Anonymous wrote:Anonymous wrote:The parent who simplifies the explanation of why their child's team isn't winning by explaining, "You guys need to attack the ball more and be more aggressive!"
Imagine that. Attacking *the ball* more.
+1
Anonymous wrote:Anonymous wrote:The parent who simplifies the explanation of why their child's team isn't winning by explaining, "You guys need to attack the ball more and be more aggressive!"
Imagine that. Attacking *the ball* more.
+1
Anonymous wrote:The parent who simplifies the explanation of why their child's team isn't winning by explaining, "You guys need to attack the ball more and be more aggressive!"
Imagine that. Attacking *the ball* more.
Anonymous wrote:The parent rec coach or volunteer rec coach who has been asked to stand in for the actual coach at a U9 travel game
Anonymous wrote:The mother who is alway sending out an email because her son always loses something "did anyone find a blue soccer ball? , or Jonny left his jacket on the field did anyone pick it up?"
Anonymous wrote:The Grandfather that talks too loudly about everything including how bad the players on his grandchild’s team are, as well as the ref. and the coach.
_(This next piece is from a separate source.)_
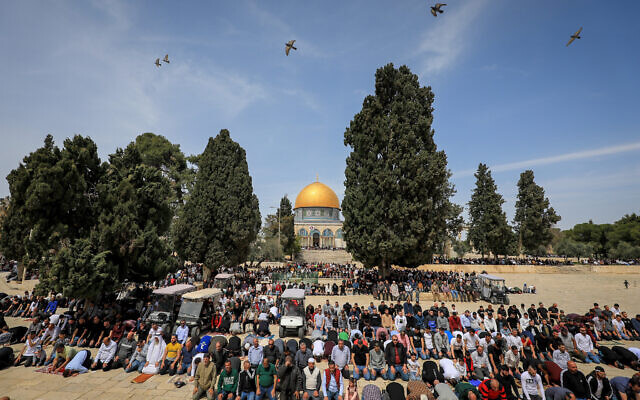Des Palestiniens assistant à la prière du vendredi dans l'enceinte de la mosquée Al-Aqsa sur le mont du Temple dans la vieille ville de Jérusalem, le 1er avril 2022. (Crédit : Jamal Awad/Flash90) Des Palestiniens assistant à la prière du vendredi dans l'enceinte de la mosquée Al-Aqsa sur le mont du Temple dans la vieille ville de Jérusalem, le 1er avril 2022. (Crédit : Jamal Awad/Flash90)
Best thing is, he doesn’t care if people hear him cuz he’s old dammit.
The coaches that think their halftime adjustments in formation “won the game.”
The judgemental parents living in the metro area that have just about everything they’ll ever need, so now spend their waking hours worrying about which soccer teams, clubs, and coaches are the best. Oh ... sorry that’s all of us on this forum, including me.
Anonymous wrote:The sideline coaching in Spanish, mandarin (I think?), head nods, and even sign language.